Please return exactly the line that contains "Exploitants, représentants de" and every line after it, through the last line of the records below, with no pictures.

Data under study: Begin

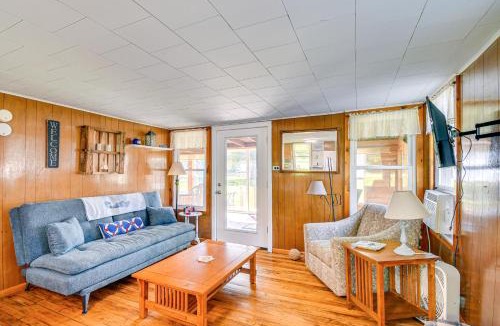 Cayuga House | Cayuga Lake Cottage: Private Dock & Deck!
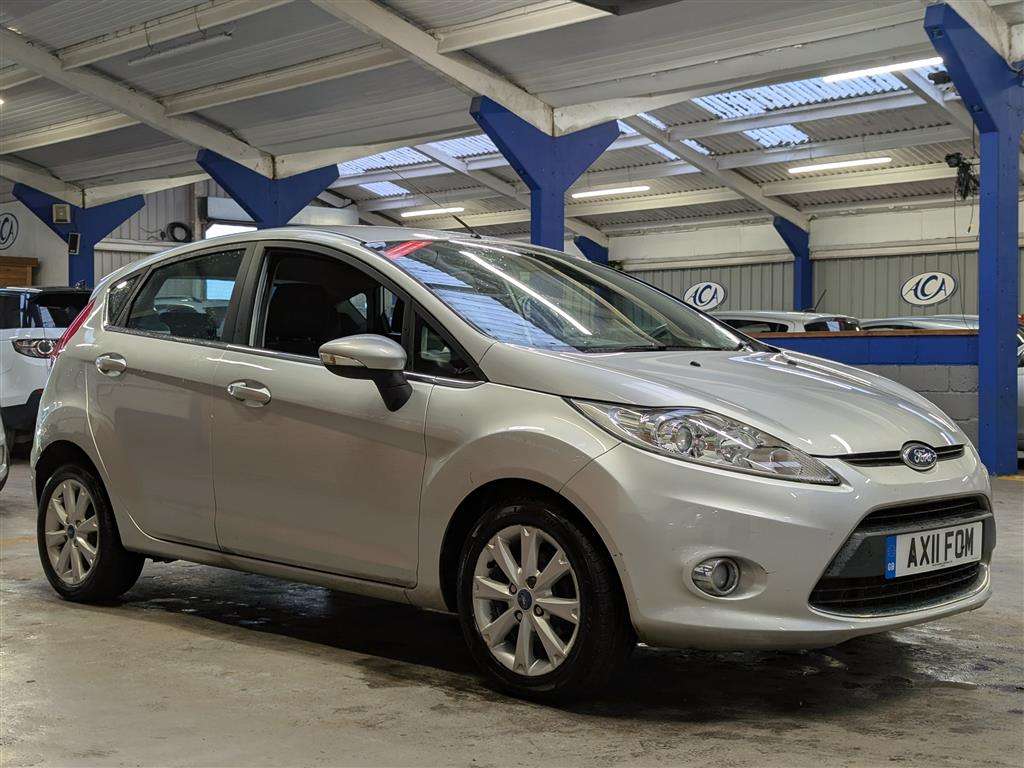 <p>2011 FORD FIESTA ZETEC</p>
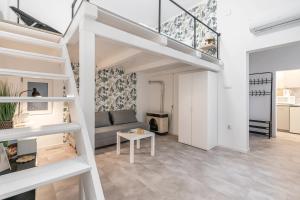 BpR Vinyl Style Studio Home with AC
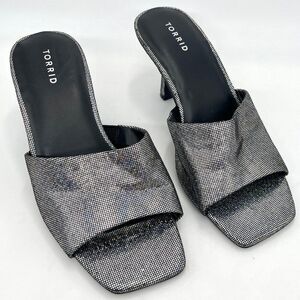 Torrid Gray Holographic Print Kitten Heel - Size 8W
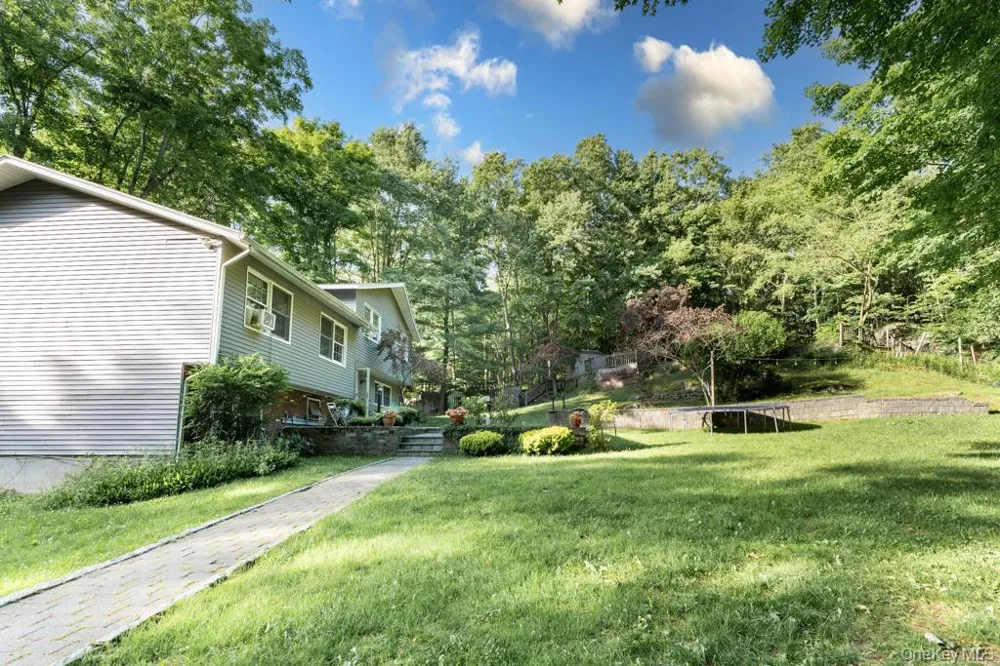 14 Englewood Terrace Mahopac, NY 10541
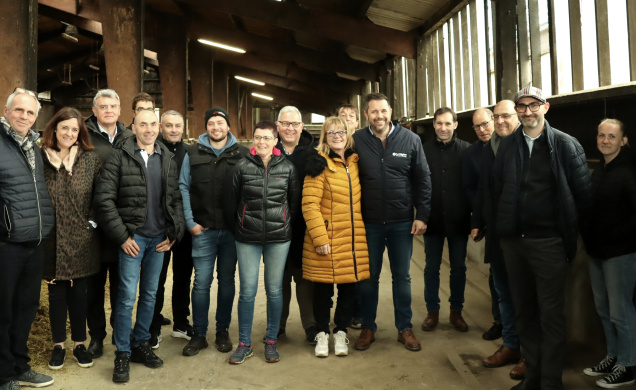 Exploitants, représentants de la filière lait et élus se sont retrouvées au GAEC Bleu Azur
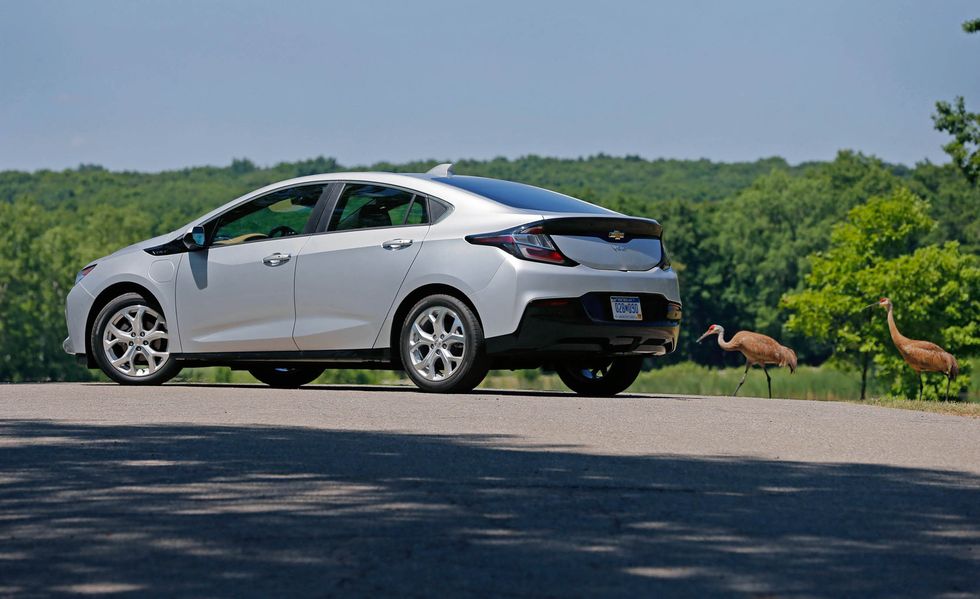 than-xe-chevrolet-volt.jpg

Data under study: End

• **Finished task**:
 Exploitants, représentants de la filière lait et élus se sont retrouvées au GAEC Bleu Azur
 than-xe-chevrolet-volt.jpg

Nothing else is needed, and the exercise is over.